▸ TASK ITEM: Among the entries below, only the lines from the one with "Over Toilet, White" through the one with "Aquatix Sport-Trinkflasche aus" are to be retyped, exactly and without pictures.

▸ MATERIAL PROVIDED:

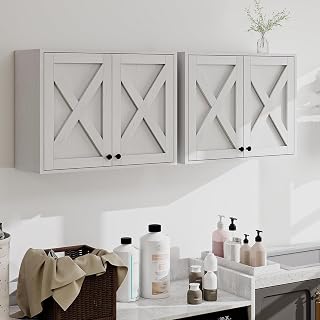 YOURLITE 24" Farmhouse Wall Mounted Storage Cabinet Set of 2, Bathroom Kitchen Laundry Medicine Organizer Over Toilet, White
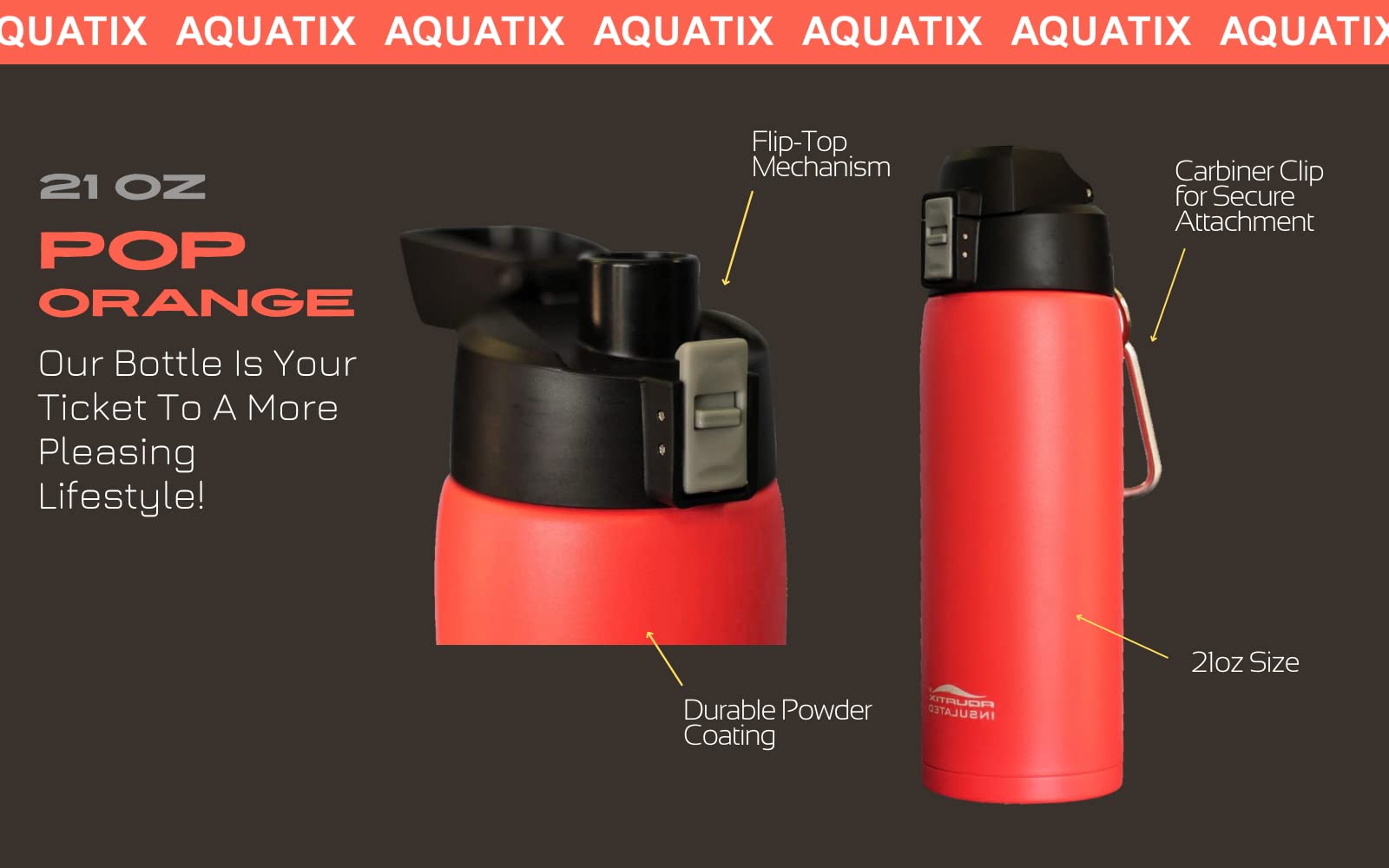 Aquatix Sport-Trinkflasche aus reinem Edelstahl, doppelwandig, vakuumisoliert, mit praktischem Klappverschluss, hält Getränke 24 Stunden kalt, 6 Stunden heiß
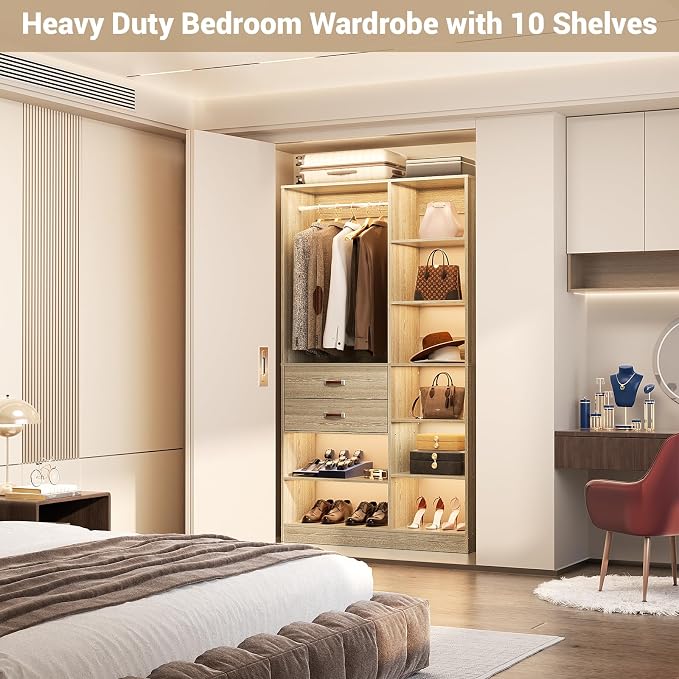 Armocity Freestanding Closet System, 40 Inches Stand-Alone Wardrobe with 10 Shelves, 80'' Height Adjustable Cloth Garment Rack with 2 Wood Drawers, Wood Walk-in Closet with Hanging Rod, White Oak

---

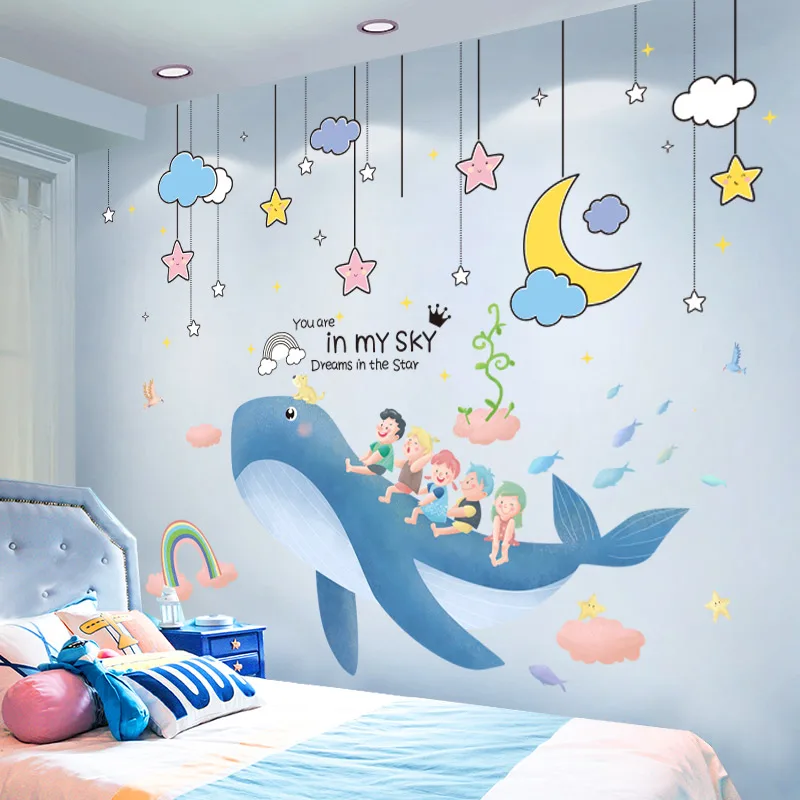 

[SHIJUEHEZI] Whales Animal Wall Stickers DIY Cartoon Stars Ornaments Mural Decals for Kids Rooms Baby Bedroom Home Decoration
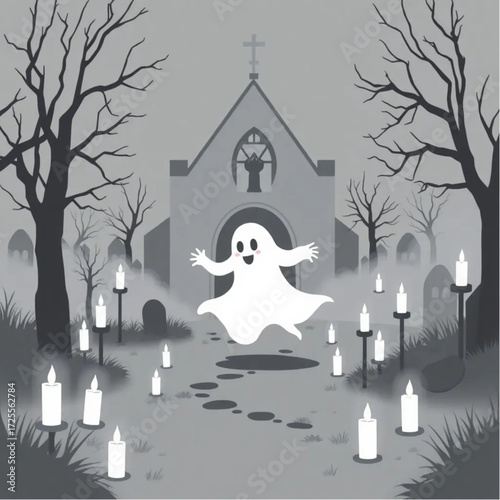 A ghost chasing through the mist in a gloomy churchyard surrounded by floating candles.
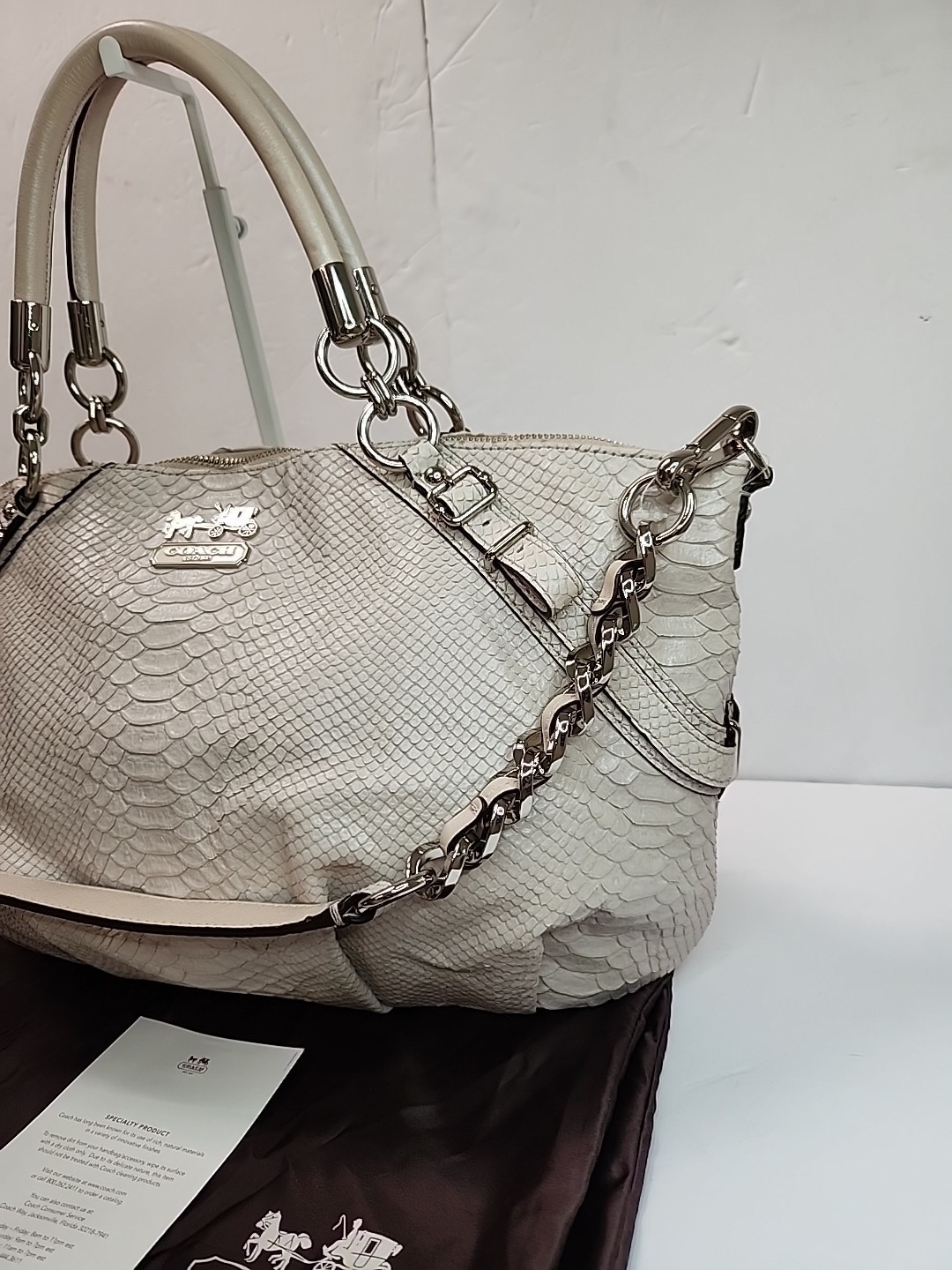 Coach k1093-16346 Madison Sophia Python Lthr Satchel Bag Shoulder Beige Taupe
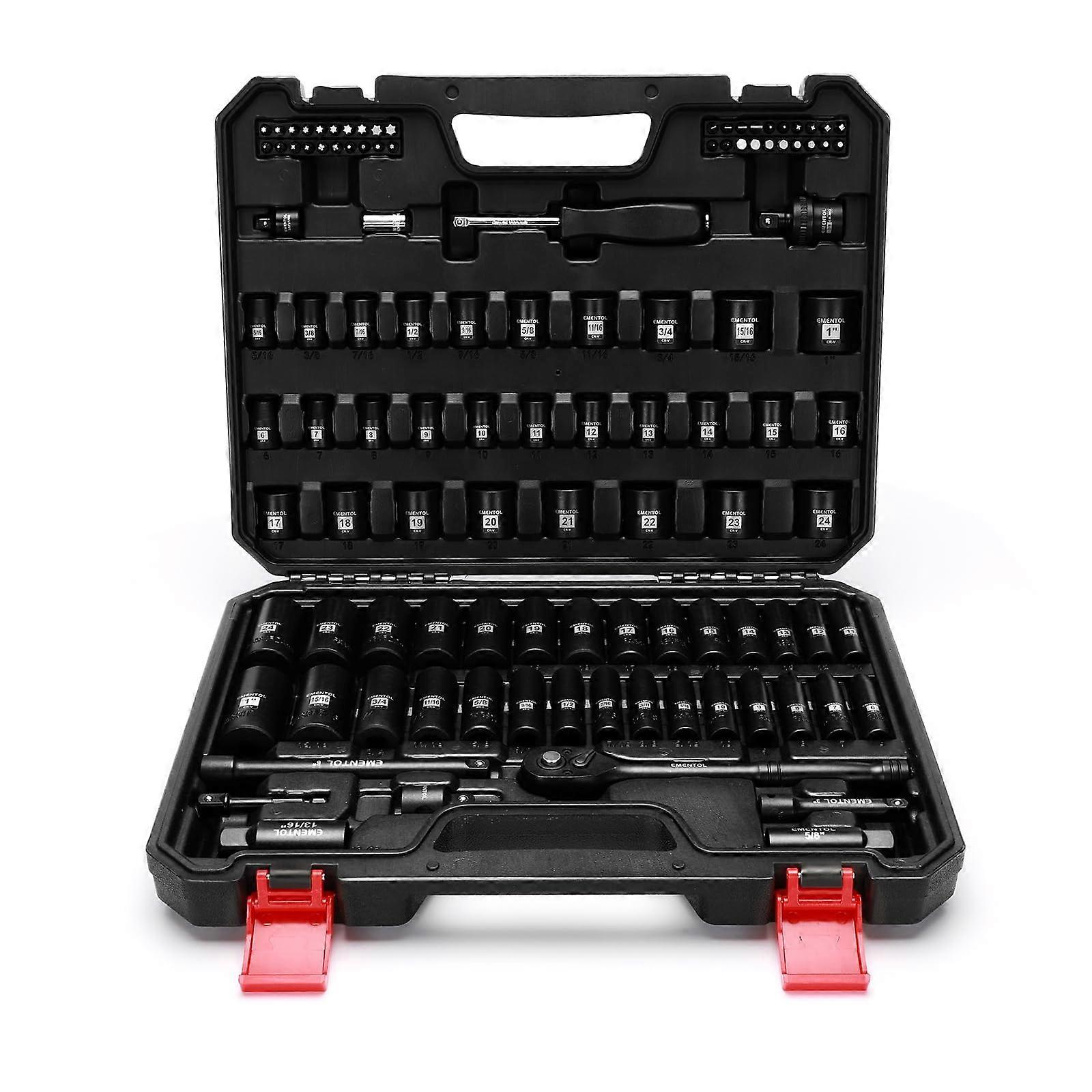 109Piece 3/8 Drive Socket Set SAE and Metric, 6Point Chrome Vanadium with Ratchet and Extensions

==

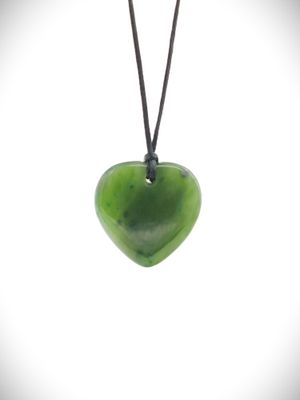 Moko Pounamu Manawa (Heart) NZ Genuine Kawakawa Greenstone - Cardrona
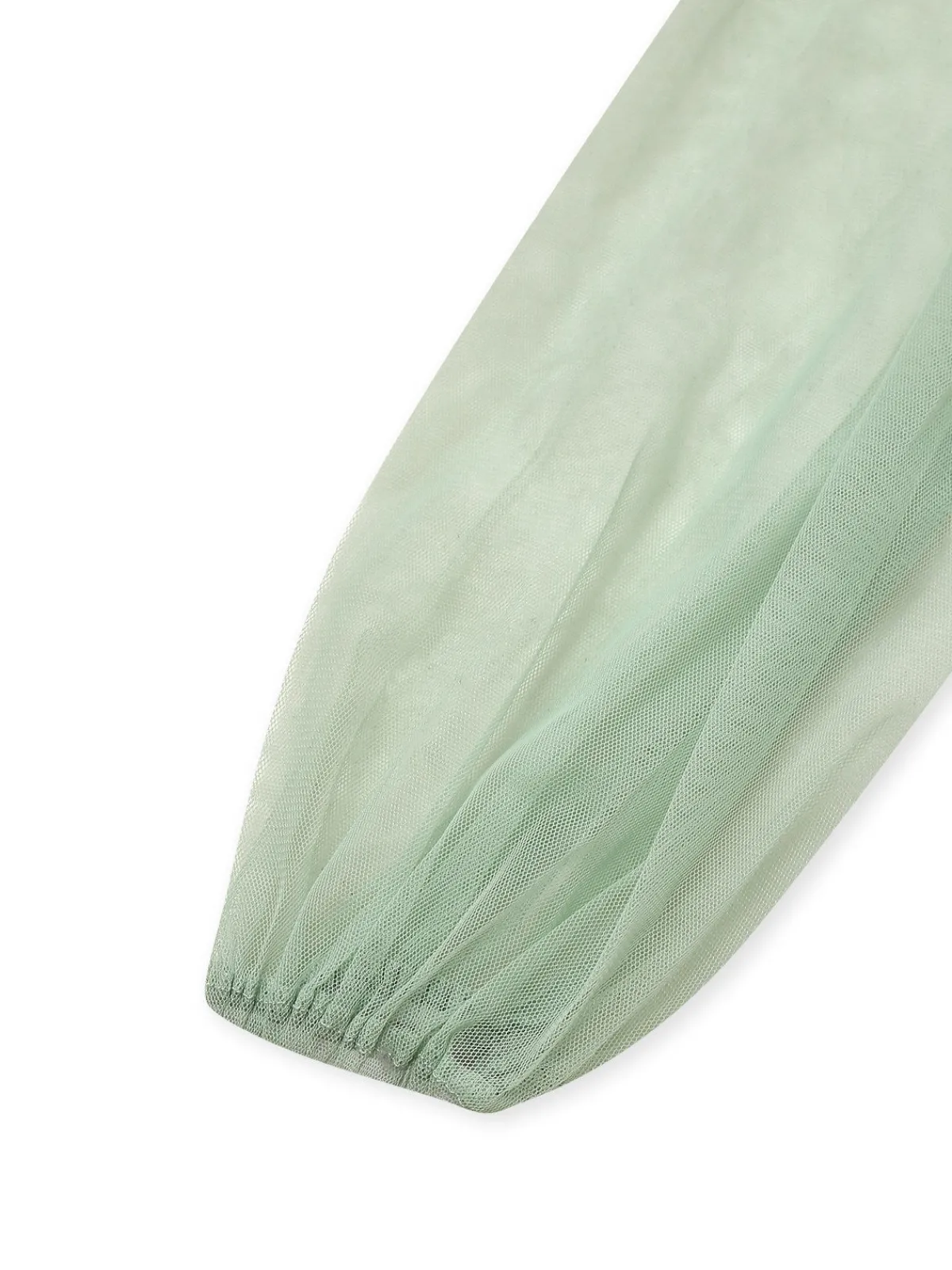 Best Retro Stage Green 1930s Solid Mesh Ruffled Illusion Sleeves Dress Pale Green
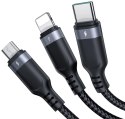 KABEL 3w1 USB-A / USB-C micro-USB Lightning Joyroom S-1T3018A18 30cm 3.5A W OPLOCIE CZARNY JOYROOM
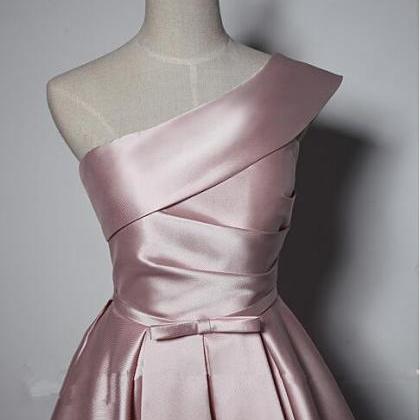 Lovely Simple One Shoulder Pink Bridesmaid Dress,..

▸ FINISHED TASK:
 YOURLITE 24" Farmhouse Wall Mounted Storage Cabinet Set of 2, Bathroom Kitchen Laundry Medicine Organizer Over Toilet, White
 Aquatix Sport-Trinkflasche aus reinem Edelstahl, doppelwandig, vakuumisoliert, mit praktischem Klappverschluss, hält Getränke 24 Stunden kalt, 6 Stunden heiß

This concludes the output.